Yeryüzünde insanlar, yaşadıkları coğrafi çevrenin onlara sunmuş olduğu başlıca dört tabii kaynak olan orman, hayvan, toprak ve su imkânlarını değerlendirerek hayatlarını sürdürebilmişlerdir. Ormanlık alanlar sayesinde toplayıcılık, avcılık ve tahta işçiliği yapabilirken, bazı hayvanları evcilleştirip onlar sayesinde de geçimlerini sağlayabilmişlerdir. Tarım aletlerini keşfederek, sulak alanların dağılımına ve toprağın verimine göre tarım yapmaya başlamışlardır. Liderlerin önderliğinde oluşan toplumlar, kendi medeniyetlerini geliştirmek için komşu medeniyetlerle bazen iyi, bazen de kötü ilişkiler kurmuşlardır. Kurulan ilişkiler iyiyse, bu durumu ticaret anlaşmaları ile taçlandırmışlar ve ekonomilerine katkıda bulunmuşlardır. İlişkiler kötü ise, medeniyetler arasında savaşlar başlamış ve galip gelen taraf elde ettiği ganimetler ile hazinesini zenginleştirmiştir. Bütün bu durumlara baktığımızda, coğrafi farklılıklardan kaynaklı olarak her medeniyetin kendine özgü bir ekonomik yöntem geliştirdiğini söyleyebiliriz.

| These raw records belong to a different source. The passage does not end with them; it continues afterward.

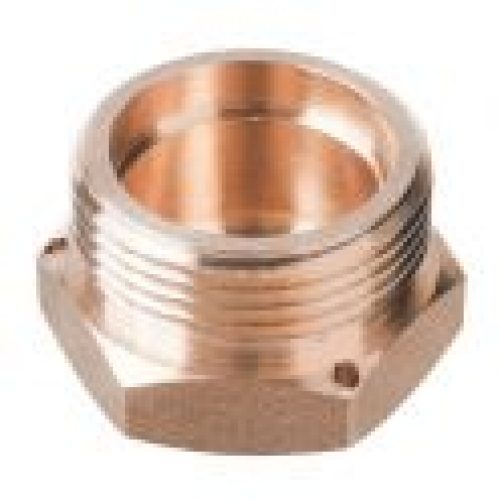 Bouchon mâle à joint plat – Sélection Cazabox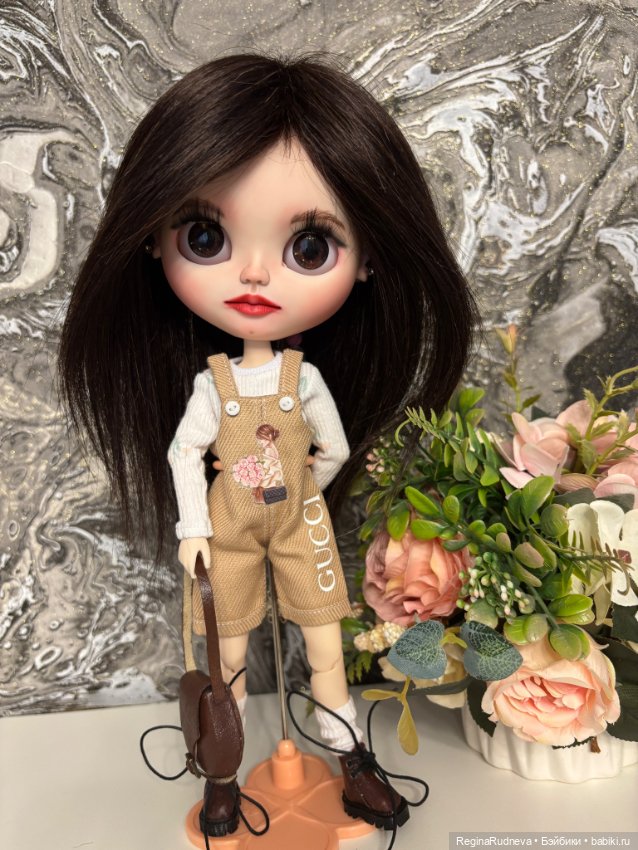 Продам куклу блайз — ООАК (кастом куклы)
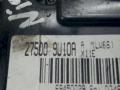 блок управления печки / климат-контроля Nissan Note E11 2006, 27500-9U10A - фото №5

Konar-göçer Türklerde ekonomi denilince akla ilk olarak hayvancılık gelmektedir. Orta Asya’nın bünyesinde bulundurduğu bozkır iklimi konar-göçer Türklerin hayvancılığa yönelmesinde etkili olmuştur. Geniş yaylalara ve ovalara sahip olan bozkır kültürünün oluştuğu bölge, yani Sayan ve Altay dağlarının güneybatı düzlüklerinde mevcut olan Andronovo kültür sahası, bol otlaklara sahiptir ve besiciliğe elverişlidir.[18] Andronovo kültür sahasında olduğu gibi, bugünkü Moğolistan toprakları da hayvan yetiştirmek için uygundur.[19] Bozkır Türk ekonomisinin esasını, Orta Asya coğrafyasının iklim şartlarından dolayı çobanlık ve hayvan besiciliği teşkil etmektedir.[20]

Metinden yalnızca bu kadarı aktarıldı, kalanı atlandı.